Jeder kennt das, wenn man in eine unbekannte Situation kommt, die ein Bekannter bereits gemeistert hat, fragt man sich, was dieser Bekannte getan hat, um zum gewünschten Ergebnis zu gelangen. Um zu verdeutlichen, wie mächtig diese Proxy-Erfahrungen sein können, möchte ich hier einen Ausschnitt aus dem Buch „The Nature of Prejudice“ anführen:

In a certain Guatemalan community there is a fierce hatred of the Jews. No Resident has ever seen a Jew. How did the Jew-is-to-be-hated category grow up? In the first place, the community was strongly Catholic. Teachers had told the residents that the Jews were Christ-Killers. It also happened that in the local culture was an old pagan myth about a devil who killed a god. Thus two powerfully emotional ideas converged and created a hostile prejudgement of Jews.[16]
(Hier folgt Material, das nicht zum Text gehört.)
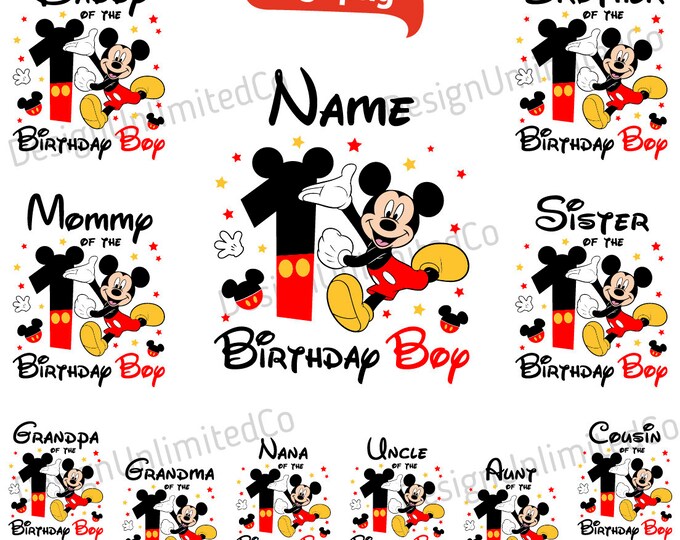 Printable Mickey 1st Birthday Digital File PNG JPEG - Etsy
In einer gewissen guatemalischen Gemeinde existiert ein heftiger Hass gegen die Juden. Niemand dort hat jemals einen Juden gesehen. Wie also kam diese Juden-müssen-gehasst-werden-Kategorie zustande? Zuerst einmal, die Gemeinde war streng katholisch. Lehrer hatten ihnen erzählt, dass die Juden Christus-Mörder seien. Dazu kommt, dass es in der lokalen Kultur einen alten heidnischen [gemeint ist die einheimische Religion, Anm. d. Autors] Mythos über einen Teufel, der einen Gott tötet, gab. Damit laufen zwei mächtig emotional[geladene] Ideen zusammen und führen zu der feindseligen Vorverurteilung von Juden.

 

Bei diesen Proxy-Erfahrungen neigen wir dazu, Erfahrungsberichte von Leuten, denen wir vertrauen[17] oder Autorität zusprechen, höher zu werten[18], als Erfahrungen von Leuten, die wir nicht kennen oder sogar verabscheuen.[19] Außerdem wird vermehrt geäußerten, übereinstimmenden Erfahrungsberichten ein höheres Gewicht zugesprochen.[20] Dazu kommt, dass wir Informationen, die unserem bisherigen Weltbild widersprechen, kritischer bewerten und tendenziell weniger Gewicht verleihen.[21] Diese unterschiedlichen Gewichtungen sind ebenfalls die Grundlage der in letzter Zeit (erfreulicherweise) immer mehr in den Fokus rückenden logischen Fehlschlüsse. Vermutlich liegt der Schlüssel zum Verständnis dieser irgendwo in der evolutionären Psychologie. Die unterschiedliche Gewichtung der Erfahrungsberichte erfolgt überwiegend unbewusst, es kann aber helfen, sich die Ursache bewusst zu machen und neue Information einer kritischen Prüfung zu unterziehen.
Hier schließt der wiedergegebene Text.